I love Christmas with the tree, lights, food, movies, etc. I try and outdo myself every year with my Christmas decorations. But unfortunately, my joyful outlook sank like the titanic when I had to finally start my Christmas shopping. Where’s the magic when you’re desperately sifting through the hordes of fellow shoppers trying to locate the store that might have your special gift. Let alone trying to find a park. It’s mind-boggling and stressful when you enter the shopping Centre knowing that your budget will not cover the damage that is about to entail. My carefully planned Christmas budget was hit with a nuclear bomb. I will be suffering from the aftermath well into the new year.
Annoyingly, there’s always someone who exclaims that they don’t know what they want and wish to be surprised. This means that I spend the lead up to Christmas prowling in the shadows with a notepad waiting, watching, and listening for the slightest mutter of someone needing something. So, off I go to the shops ready for battle. I’ve researched and planned the precise gifts that must be purchased. Yet, I hopelessly scour the store, searching relentlessly before realizing that the product doesn’t seem to exist, and I leave defeated with a shoddy version of what I wanted. I waste the festive season trying to find gifts for my family.
I love online shopping. I don’t have to deal with the crowds or my parent’s zig-zagging around the shops like headless chocks. But I have experienced a downside. Which is the waiting and praying that it all arrives before Christmas. More times than not, I spend my December on the phone begging to talk to someone who knows where my missing parcel has gone, which is Lebanon.
Before I know it, we’re once again hosting the Christmas gathering. With this wonderful honour, we spend days in advance shopping for copious amounts of food, the credit card takes another hit. Then we sterilize the house to make it look swanky and untouched, like no ones been living in it. We like to give the illusion of pristine luxury, so we scrub until we are completely intoxicated by the disinfectant fumes.
By the time family arrives, we are filled with frustration and hostility towards our guests for showing up. We’ve spent the past hour cursing across the house about why we’re always the ones to be hosting the get-togethers. Yet we put on a welcoming persona and invite the family into our home who we haven’t seen all year.
There’s been a few occasions where I’ve burst into tears over the stress of planning Christmas lunch. I find myself trying to cater to everyone and create an elaborate, enjoyable time for family and children. But some guests come filled with superiority and make snide remarks at our cooking or decorations. I wonder why I have gone to all this trouble for those who aren’t appreciative? Then, the next thing I know, an argument about politics has broken out across the table, and no one wants to concede.

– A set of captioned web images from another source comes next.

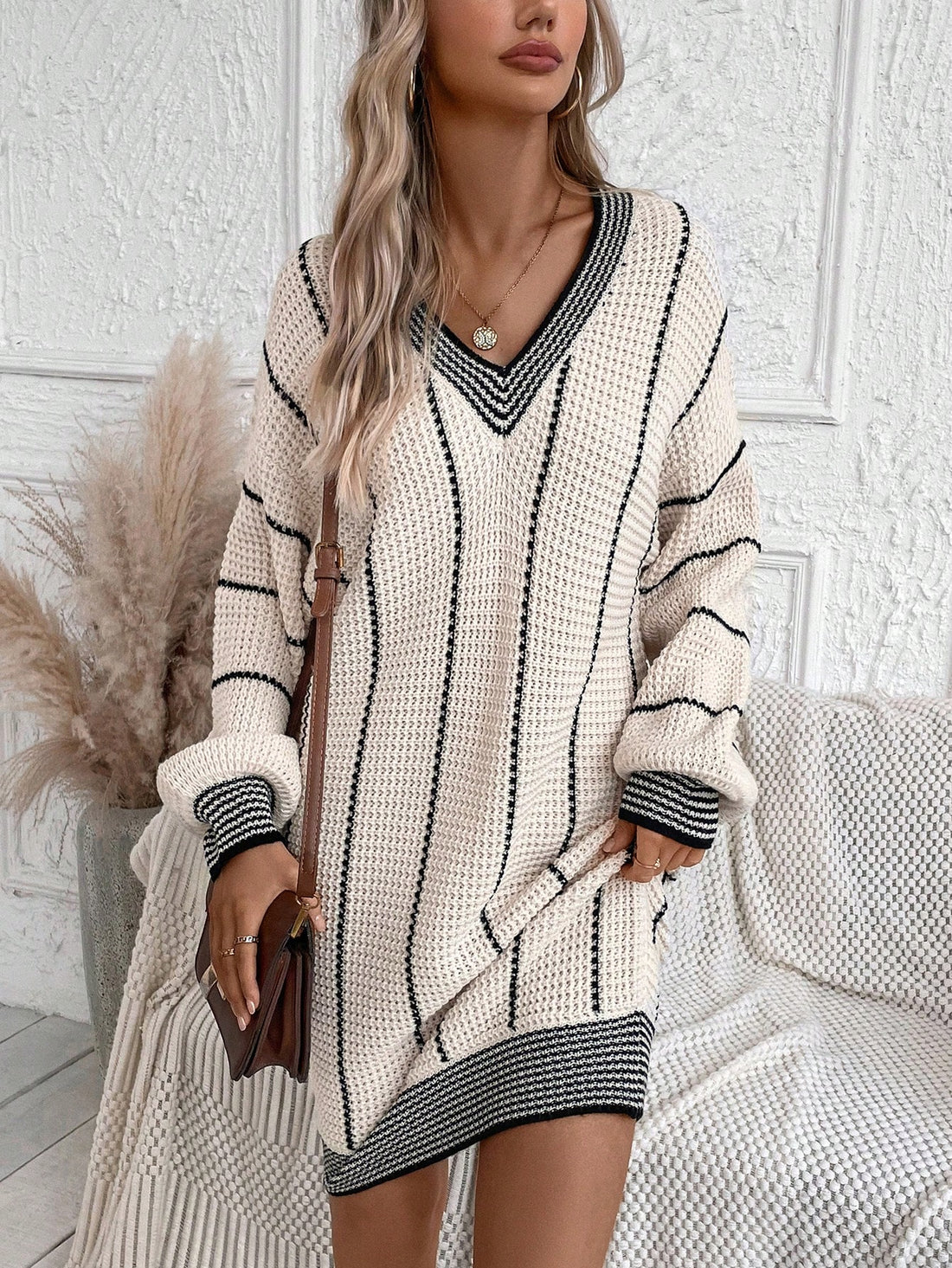 Stay warm and stylish with our Striped Drop Shoulder Sweater Dress. Featuring a unique drop shoulder design and classic stripes, this dress is perfect for any occasion. Made with high-quality materials for ultimate comfort. Elevate your winter wardrobe today!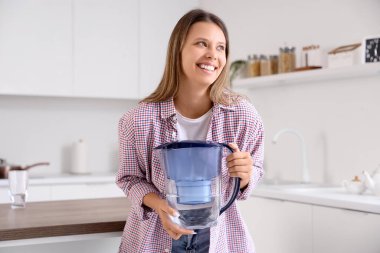 Mutfakta su filtresi sürahisi olan genç bir kadın.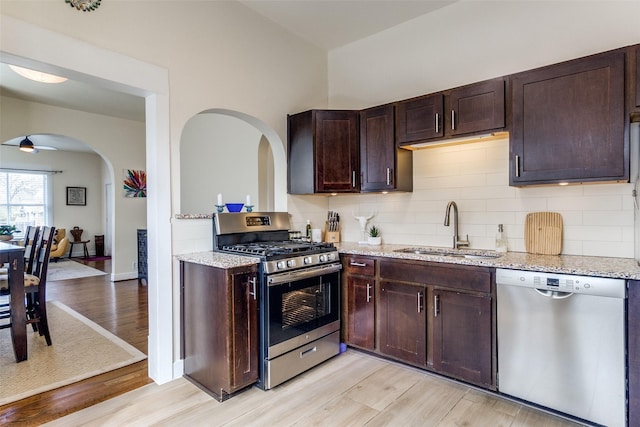 kitchen with light stone countertops, appliances with stainless steel finishes, dark brown cabinets, and a sink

Christmas is supposed to be a time filled with love and gratitude. Unfortunately, only because you are family doesn’t mean you are friends. For too many people, Christmas is a breeding ground for drink fueled hate and resentment to flourish.
Perhaps instead of going out of our way to impress others, we need to be enjoying Christmas for ourselves.
Although a happy time, Christmas also emphasizes and intensifies feelings of sadness and loss. I feel a deep longing and anguish for my family, including animals who can’t be with us. Around Christmas time, I miss my grandparents and imagine what it would be like to have them on Christmas day. I can see them very clearly sitting with us, eating more than what we thought humanly possible before passing out on the couch with a food hangover.
I so badly want to feel the Christmas magic. I try and force it on myself by completing my Christmas traditions, e.g., going out more, baking and watching Christmas movies. I end up feeling disappointed because I haven’t really enjoyed these activities. Looking at it, I need to relax my expectations and flow calmly through the season, focusing on how I feel rather than what I should do.
I’m determined that next year will be different. I’m going to complete my Christmas shopping by the end of November. I will not spend another Christmas stuck at the shops or stalking the post office waiting for my parcels to arrive.